Lines from the beginning of the data below through the one containing "May include: A brown" are to be printed exactly as they appear.
——————————
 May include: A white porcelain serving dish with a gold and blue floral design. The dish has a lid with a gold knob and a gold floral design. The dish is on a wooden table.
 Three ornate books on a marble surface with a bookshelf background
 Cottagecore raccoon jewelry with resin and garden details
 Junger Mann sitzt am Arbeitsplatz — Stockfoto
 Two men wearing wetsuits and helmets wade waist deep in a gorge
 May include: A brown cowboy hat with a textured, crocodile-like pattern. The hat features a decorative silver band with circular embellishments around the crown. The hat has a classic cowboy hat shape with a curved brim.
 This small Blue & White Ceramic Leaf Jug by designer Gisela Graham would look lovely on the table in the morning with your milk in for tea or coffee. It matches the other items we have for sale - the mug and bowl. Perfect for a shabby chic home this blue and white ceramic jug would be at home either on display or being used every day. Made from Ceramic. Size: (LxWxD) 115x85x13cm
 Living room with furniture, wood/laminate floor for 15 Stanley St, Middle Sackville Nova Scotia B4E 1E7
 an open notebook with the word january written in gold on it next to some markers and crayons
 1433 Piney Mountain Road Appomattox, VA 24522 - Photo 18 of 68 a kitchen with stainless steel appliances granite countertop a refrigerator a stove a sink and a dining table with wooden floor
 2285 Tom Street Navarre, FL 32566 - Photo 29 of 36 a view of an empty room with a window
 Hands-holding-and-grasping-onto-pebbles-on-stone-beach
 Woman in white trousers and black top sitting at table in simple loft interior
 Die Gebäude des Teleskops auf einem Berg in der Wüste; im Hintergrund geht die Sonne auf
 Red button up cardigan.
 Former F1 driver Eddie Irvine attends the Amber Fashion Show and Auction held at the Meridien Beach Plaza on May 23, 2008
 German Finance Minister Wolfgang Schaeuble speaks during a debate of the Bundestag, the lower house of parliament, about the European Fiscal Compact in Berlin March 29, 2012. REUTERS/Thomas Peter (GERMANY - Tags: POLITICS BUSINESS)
——————————
### Solution to the exercise
 May include: A white porcelain serving dish with a gold and blue floral design. The dish has a lid with a gold knob and a gold floral design. The dish is on a wooden table.
 Three ornate books on a marble surface with a bookshelf background
 Cottagecore raccoon jewelry with resin and garden details
 Junger Mann sitzt am Arbeitsplatz — Stockfoto
 Two men wearing wetsuits and helmets wade waist deep in a gorge
 May include: A brown cowboy hat with a textured, crocodile-like pattern. The hat features a decorative silver band with circular embellishments around the crown. The hat has a classic cowboy hat shape with a curved brim.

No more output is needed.